INSTRUCTIONS TO FOLLOW:
Starting at the line that contains "this 467×350 image.", set down each line exactly until the records end, keeping both ends and adding nothing.

-------- SUPPLIED MATERIAL --------

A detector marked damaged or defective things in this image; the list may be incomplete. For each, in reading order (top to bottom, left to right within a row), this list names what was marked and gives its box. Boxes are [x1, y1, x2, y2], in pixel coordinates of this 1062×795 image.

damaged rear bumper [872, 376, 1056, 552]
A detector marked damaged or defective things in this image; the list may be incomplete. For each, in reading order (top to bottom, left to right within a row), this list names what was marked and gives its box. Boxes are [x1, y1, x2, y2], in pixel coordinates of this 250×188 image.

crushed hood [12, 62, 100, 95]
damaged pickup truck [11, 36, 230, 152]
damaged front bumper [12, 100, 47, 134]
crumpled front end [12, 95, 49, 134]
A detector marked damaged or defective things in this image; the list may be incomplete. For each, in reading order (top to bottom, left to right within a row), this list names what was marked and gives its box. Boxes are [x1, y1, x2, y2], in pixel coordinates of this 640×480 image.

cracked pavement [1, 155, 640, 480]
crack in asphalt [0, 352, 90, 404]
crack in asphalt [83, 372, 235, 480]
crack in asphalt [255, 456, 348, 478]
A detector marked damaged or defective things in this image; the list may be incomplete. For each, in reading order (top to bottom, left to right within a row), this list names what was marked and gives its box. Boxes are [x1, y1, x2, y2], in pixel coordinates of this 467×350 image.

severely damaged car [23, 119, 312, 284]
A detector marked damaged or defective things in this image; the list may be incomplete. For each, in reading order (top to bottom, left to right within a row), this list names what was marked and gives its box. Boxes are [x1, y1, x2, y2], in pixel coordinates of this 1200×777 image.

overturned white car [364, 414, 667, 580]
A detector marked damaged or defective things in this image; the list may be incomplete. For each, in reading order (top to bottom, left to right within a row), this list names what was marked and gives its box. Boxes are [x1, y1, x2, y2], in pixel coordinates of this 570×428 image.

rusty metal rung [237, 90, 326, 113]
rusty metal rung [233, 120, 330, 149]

--------

SOLUTION BELOW:
A detector marked damaged or defective things in this image; the list may be incomplete. For each, in reading order (top to bottom, left to right within a row), this list names what was marked and gives its box. Boxes are [x1, y1, x2, y2], in pixel coordinates of this 467×350 image.

severely damaged car [23, 119, 312, 284]
A detector marked damaged or defective things in this image; the list may be incomplete. For each, in reading order (top to bottom, left to right within a row), this list names what was marked and gives its box. Boxes are [x1, y1, x2, y2], in pixel coordinates of this 1200×777 image.

overturned white car [364, 414, 667, 580]
A detector marked damaged or defective things in this image; the list may be incomplete. For each, in reading order (top to bottom, left to right within a row), this list names what was marked and gives its box. Boxes are [x1, y1, x2, y2], in pixel coordinates of this 570×428 image.

rusty metal rung [237, 90, 326, 113]
rusty metal rung [233, 120, 330, 149]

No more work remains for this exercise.